2010-09-27 20:58, Chad skrev:
On Mon, Sep 27, 2010 at 1:42 PM, Aryeh Gregor
<Simetrical+wikilist(a)gmail.com> wrote:
On Mon, Sep 27, 2010 at 3:38 AM, Andreas Jonsson
<andreas.jonsson(a)kreablo.se> wrote:
Point me to one that has.
Maybe I'm wrong. I've never looked at them in depth. I don't
mean to
be discouraging here. If you can replace the MediaWiki parser with
something sane, my hat is off to you. But if you don't receive a very
enthusiastic response from established developers, it's probably
because we've had various people trying to replace MediaWiki's parser
with a more conventional one since like 2003, and it's never produced
anything usable in practice. The prevailing sentiment is reflected
pretty well in Tim's commit summary from shortly before giving you
commit access:
http://www.mediawiki.org/wiki/Special:Code/MediaWiki/71620
Maybe we're just pessimistic, though. I'd be happy to be proven wrong!
This. Tim sums up the consensus very well with that commit summary.
He also made some comments on the history of wikitext and alternative
parsers on foundation-l back in Jan '09[0]. Worth a read (starting mainly
at ""Parser" is a convenient and short name for it").
While a real parser is a nice pipe dream, in practice not a single project
to "rewrite the parser" has succeeded in the years of people trying. Like
Aryeh says, if you can pull it off and make it practical, hats off to you.
-Chad
[0]
http://article.gmane.org/gmane.org.wikimedia.foundation/35876/
So, Tim are raising three objections against a more formalized parser:
1. Formal grammars are too restricted for wikitext.
My implementation represents a greater class of grammars than the
class of context free grammars. I believe that this gives
sufficient space for wikitext.
2. Previous parser implementation had performance issues.
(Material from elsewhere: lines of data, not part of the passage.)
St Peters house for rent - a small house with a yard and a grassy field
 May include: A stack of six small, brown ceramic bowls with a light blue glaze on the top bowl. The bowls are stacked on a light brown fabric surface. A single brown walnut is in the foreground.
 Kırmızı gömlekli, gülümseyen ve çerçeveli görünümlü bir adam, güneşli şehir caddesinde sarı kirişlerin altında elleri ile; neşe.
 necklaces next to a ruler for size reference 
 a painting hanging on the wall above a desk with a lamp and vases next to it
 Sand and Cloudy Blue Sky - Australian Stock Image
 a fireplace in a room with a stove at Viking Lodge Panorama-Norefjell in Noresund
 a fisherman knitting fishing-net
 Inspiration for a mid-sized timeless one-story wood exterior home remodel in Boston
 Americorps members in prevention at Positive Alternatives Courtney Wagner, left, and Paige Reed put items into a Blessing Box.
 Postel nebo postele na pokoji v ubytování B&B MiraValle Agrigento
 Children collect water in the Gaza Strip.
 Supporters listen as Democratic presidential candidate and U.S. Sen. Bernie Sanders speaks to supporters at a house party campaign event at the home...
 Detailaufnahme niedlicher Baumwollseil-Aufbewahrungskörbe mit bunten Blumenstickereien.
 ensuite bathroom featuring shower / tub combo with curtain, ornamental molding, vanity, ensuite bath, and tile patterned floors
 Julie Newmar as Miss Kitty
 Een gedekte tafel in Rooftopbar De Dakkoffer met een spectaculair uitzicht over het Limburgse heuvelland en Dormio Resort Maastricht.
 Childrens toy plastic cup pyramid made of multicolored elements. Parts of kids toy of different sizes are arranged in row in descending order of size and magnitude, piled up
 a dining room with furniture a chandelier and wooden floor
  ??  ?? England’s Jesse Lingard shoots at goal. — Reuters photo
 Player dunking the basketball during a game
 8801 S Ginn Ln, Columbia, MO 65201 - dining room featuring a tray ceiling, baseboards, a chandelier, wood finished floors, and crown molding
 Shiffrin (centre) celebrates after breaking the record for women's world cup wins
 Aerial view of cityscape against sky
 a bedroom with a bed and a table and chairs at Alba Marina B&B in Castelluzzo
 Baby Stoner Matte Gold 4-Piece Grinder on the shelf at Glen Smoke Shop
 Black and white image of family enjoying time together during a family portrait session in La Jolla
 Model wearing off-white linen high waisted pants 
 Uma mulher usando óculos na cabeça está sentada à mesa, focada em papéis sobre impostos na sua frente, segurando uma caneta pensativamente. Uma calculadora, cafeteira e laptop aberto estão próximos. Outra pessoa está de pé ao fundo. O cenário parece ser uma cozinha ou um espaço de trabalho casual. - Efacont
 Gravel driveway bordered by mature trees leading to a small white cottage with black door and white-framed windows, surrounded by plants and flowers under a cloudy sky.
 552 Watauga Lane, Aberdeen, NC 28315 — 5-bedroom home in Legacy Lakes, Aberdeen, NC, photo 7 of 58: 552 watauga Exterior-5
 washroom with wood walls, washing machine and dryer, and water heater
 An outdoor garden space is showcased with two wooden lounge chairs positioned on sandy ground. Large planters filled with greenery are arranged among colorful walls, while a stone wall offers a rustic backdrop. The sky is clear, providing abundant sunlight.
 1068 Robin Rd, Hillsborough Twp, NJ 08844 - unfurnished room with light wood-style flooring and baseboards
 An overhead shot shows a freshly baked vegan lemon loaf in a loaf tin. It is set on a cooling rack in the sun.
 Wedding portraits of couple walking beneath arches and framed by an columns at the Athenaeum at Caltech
I have not rigourusly tested the performance of my parser, but it
is linear to the size of the input complexity and seems to be
comparable to the original parser on plain text. Whith increasing
amount of markup, the original parser seems to degrade in
performance, while my implementation maintains a fairly constant
speed, regardless of input. It is possible to construct malicous
input that cause the performance my parser to be offset with a
constant (the same content scanned up to 13 times). But this is
not a situation that would occur on a normal page.
3. Some aspects of the existing parser follows well known parser
algorithms, but is better optimized. In particular, the
preprocessor.
My parser implementation does not preprocess the content. I
acknowledge that preprocessing is better done by the current
preprocessor. One just need to detangle the independent
preprocessing (parser functions, transclusion, magic words etc.)
from the parser preparation preprocessing (e.g., replacing <nowiki>
... </nowiki> with "magic" string).
Regarding optimization, it doesn't matter that the current parser
is "optimized" if my unoptimized implementation outperforms the
existing optimized one.
/Andreas